BEGIN DATA FOR REVIEW

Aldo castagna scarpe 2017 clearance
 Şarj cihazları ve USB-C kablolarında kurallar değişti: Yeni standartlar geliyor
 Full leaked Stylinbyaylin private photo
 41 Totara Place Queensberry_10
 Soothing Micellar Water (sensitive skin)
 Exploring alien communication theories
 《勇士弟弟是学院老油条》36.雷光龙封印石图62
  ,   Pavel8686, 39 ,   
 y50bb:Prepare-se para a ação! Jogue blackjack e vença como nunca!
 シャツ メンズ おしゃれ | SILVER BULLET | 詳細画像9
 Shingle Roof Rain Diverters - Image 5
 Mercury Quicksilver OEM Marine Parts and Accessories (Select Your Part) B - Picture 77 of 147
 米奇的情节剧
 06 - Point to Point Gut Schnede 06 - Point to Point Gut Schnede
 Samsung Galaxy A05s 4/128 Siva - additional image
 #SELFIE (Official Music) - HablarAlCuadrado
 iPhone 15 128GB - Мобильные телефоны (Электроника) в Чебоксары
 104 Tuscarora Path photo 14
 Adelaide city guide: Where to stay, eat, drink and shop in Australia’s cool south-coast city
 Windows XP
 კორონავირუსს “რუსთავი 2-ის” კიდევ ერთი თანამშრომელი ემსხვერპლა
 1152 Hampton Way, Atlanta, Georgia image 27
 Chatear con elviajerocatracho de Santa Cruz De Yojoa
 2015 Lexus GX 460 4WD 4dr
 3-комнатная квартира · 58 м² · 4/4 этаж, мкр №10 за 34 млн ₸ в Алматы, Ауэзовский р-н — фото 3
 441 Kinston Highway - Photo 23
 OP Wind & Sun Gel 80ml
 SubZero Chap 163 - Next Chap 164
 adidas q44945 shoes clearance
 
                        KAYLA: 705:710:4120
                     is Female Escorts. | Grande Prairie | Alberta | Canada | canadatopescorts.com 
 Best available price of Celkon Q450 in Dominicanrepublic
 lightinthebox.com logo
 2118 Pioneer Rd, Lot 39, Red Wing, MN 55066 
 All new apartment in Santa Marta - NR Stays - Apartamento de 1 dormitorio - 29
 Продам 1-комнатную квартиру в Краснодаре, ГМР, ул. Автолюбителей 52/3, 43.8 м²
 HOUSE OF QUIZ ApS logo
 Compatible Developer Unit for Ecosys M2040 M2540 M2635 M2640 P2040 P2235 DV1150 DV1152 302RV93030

END DATA FOR REVIEW

### [ASSIGNMENT]
Whatever the material above holds, copy it over exactly, line by line.

### [RESPONSE TO THE EXERCISE]
Aldo castagna scarpe 2017 clearance
 Şarj cihazları ve USB-C kablolarında kurallar değişti: Yeni standartlar geliyor
 Full leaked Stylinbyaylin private photo
 41 Totara Place Queensberry_10
 Soothing Micellar Water (sensitive skin)
 Exploring alien communication theories
 《勇士弟弟是学院老油条》36.雷光龙封印石图62
  ,   Pavel8686, 39 ,   
 y50bb:Prepare-se para a ação! Jogue blackjack e vença como nunca!
 シャツ メンズ おしゃれ | SILVER BULLET | 詳細画像9
 Shingle Roof Rain Diverters - Image 5
 Mercury Quicksilver OEM Marine Parts and Accessories (Select Your Part) B - Picture 77 of 147
 米奇的情节剧
 06 - Point to Point Gut Schnede 06 - Point to Point Gut Schnede
 Samsung Galaxy A05s 4/128 Siva - additional image
 #SELFIE (Official Music) - HablarAlCuadrado
 iPhone 15 128GB - Мобильные телефоны (Электроника) в Чебоксары
 104 Tuscarora Path photo 14
 Adelaide city guide: Where to stay, eat, drink and shop in Australia’s cool south-coast city
 Windows XP
 კორონავირუსს “რუსთავი 2-ის” კიდევ ერთი თანამშრომელი ემსხვერპლა
 1152 Hampton Way, Atlanta, Georgia image 27
 Chatear con elviajerocatracho de Santa Cruz De Yojoa
 2015 Lexus GX 460 4WD 4dr
 3-комнатная квартира · 58 м² · 4/4 этаж, мкр №10 за 34 млн ₸ в Алматы, Ауэзовский р-н — фото 3
 441 Kinston Highway - Photo 23
 OP Wind & Sun Gel 80ml
 SubZero Chap 163 - Next Chap 164
 adidas q44945 shoes clearance
 
                        KAYLA: 705:710:4120
                     is Female Escorts. | Grande Prairie | Alberta | Canada | canadatopescorts.com 
 Best available price of Celkon Q450 in Dominicanrepublic
 lightinthebox.com logo
 2118 Pioneer Rd, Lot 39, Red Wing, MN 55066 
 All new apartment in Santa Marta - NR Stays - Apartamento de 1 dormitorio - 29
 Продам 1-комнатную квартиру в Краснодаре, ГМР, ул. Автолюбителей 52/3, 43.8 м²
 HOUSE OF QUIZ ApS logo
 Compatible Developer Unit for Ecosys M2040 M2540 M2635 M2640 P2040 P2235 DV1150 DV1152 302RV93030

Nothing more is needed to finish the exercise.